The researchers found that inner speech helped separate content from control. Memory modules stored information, while self-generated language guided how that information was used. This structure supported learning across tasks that the system had never seen before.

Performance comparison of T1 between models trained with (blue) and without (orange) self-mumbling language targets introducing the concept of counting and cardinality to the model. (CREDIT: Neural Computation)

Moving Toward Real-World Learning

The current study took place in a controlled simulation environment. The next step involves adding more realism.

“In the real world, we’re making decisions and solving problems in complex, noisy, dynamic environments,” Queißer says. “To better mirror human developmental learning, we need to account for these external factors.”

Understanding how inner speech supports learning may also shed light on human cognition. By modeling these processes in machines, researchers can test theories about how the brain organizes thought and action.

“We gain fundamental new insights into human biology and behavior,” Queißer says. “We can also apply this knowledge, for example in developing household or agricultural robots which can function in our complex, dynamic worlds.”

Practical Implications of the Research

This work points toward AI systems that learn with less data and adapt more flexibly.
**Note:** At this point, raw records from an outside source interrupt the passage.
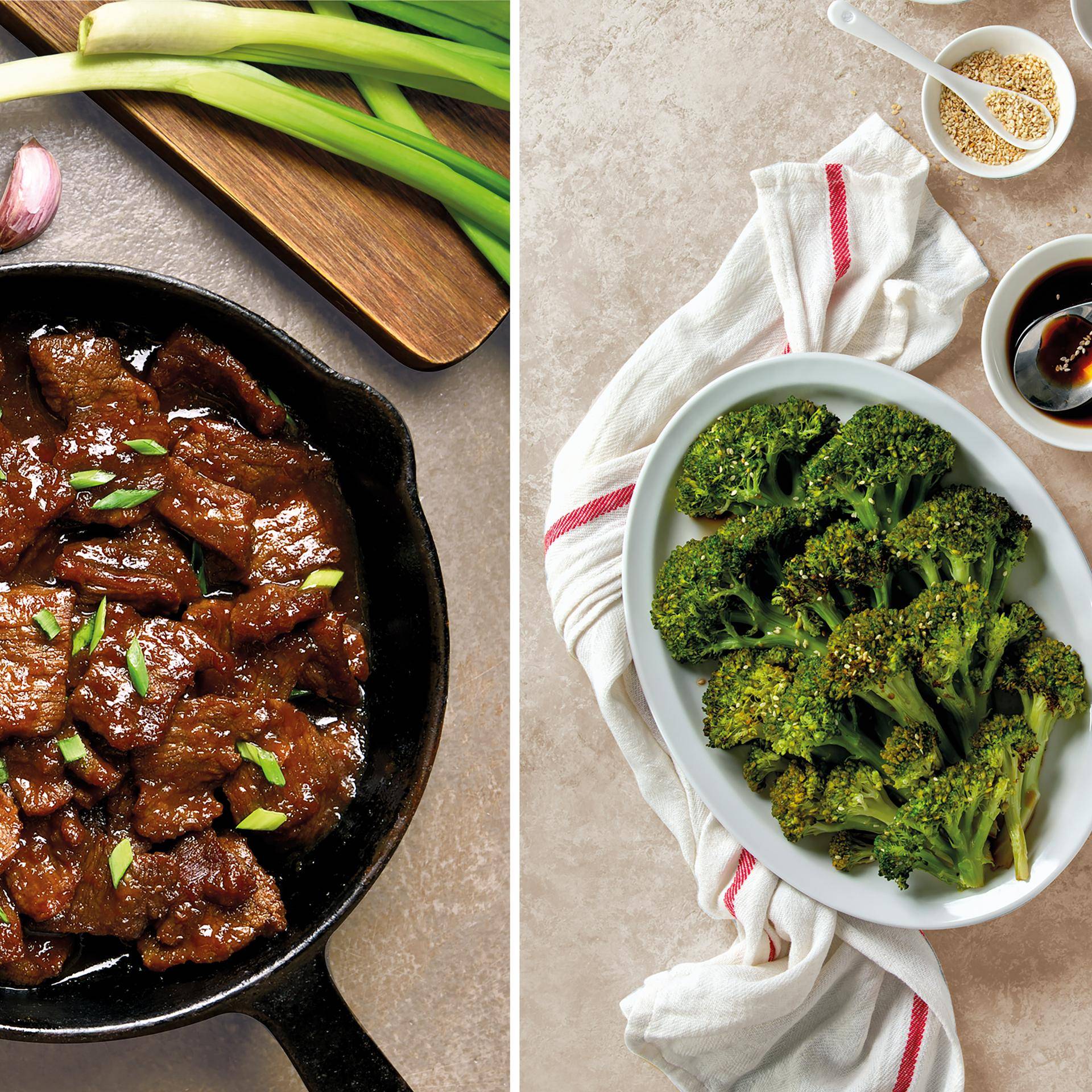 Bavette met sojasaus, sesam en broccoli - Recepten Dual EasyFry&Grill | Tefal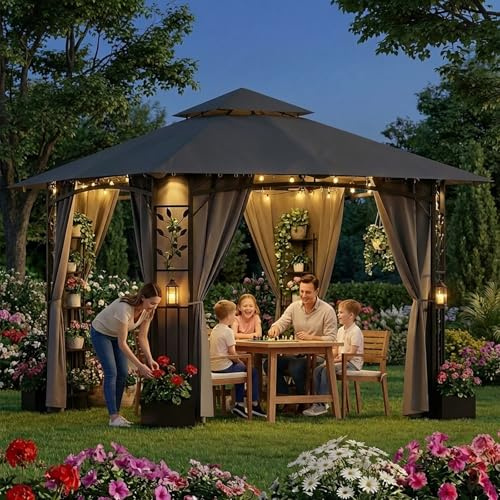 Devoko pavillon 3x3 wasserdicht stabil Winterfest (3,3x3,3 m), UV 50+ | Eisen Gartenpavillon mit 4 Pflanzkübeln Rankhilfe Kletterpflanzen und Seitenvorhängen, Pflanzbar und stabil, Doppeltem Dach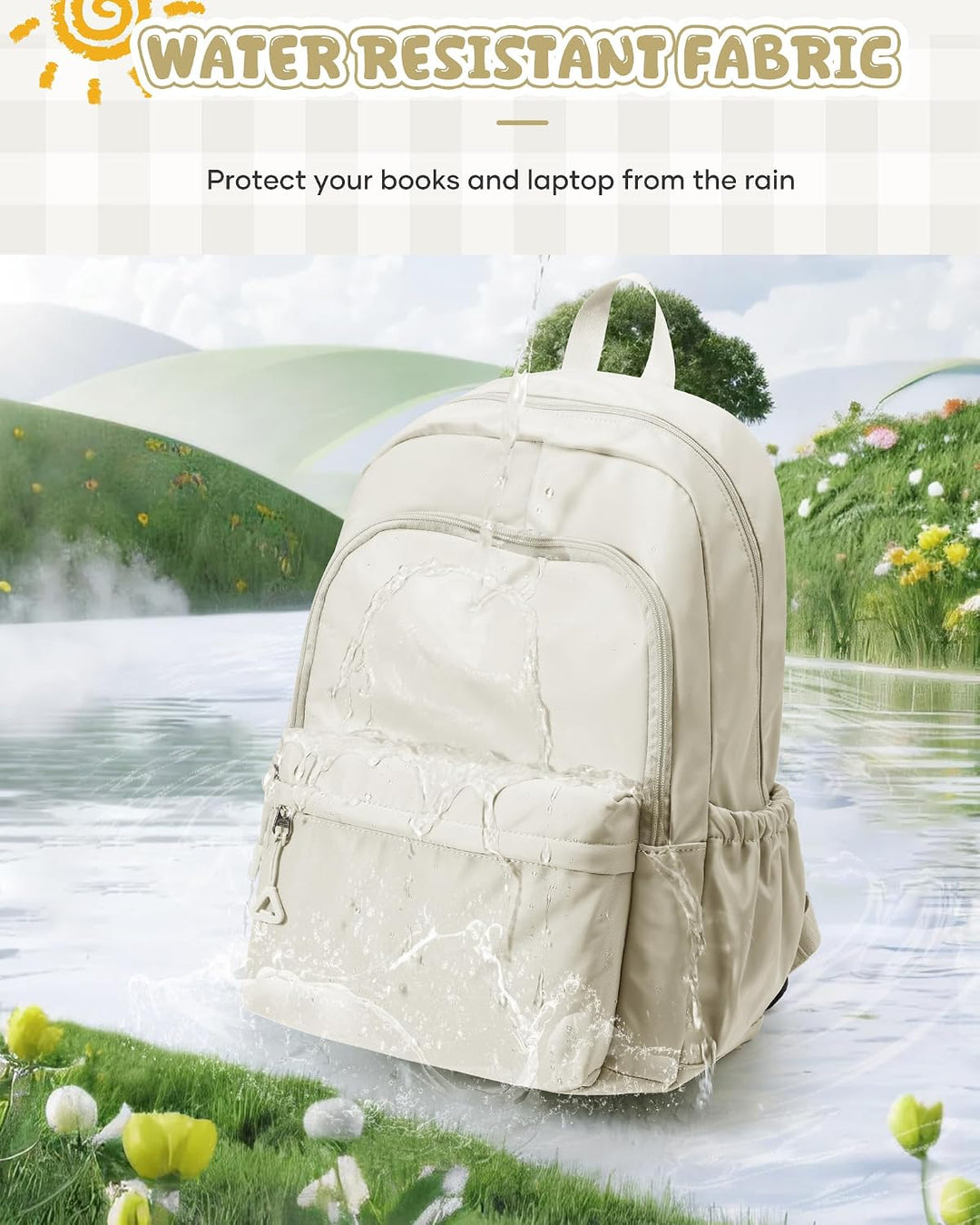 Schulrucksack Teenager Mädchen Jungen Schultasche Rucksack Schule Beige | School Bag Backpack Laptop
Such systems could reduce the cost and energy demands of training large models. Robots guided by internal language and memory may handle unpredictable environments more safely and efficiently.

The findings may also influence neuroscience by offering testable models of inner speech and working memory. Over time, this cross-talk between biology and engineering could lead to smarter machines and a deeper understanding of how people learn.

Research findings are available online in the journal Neural Computation.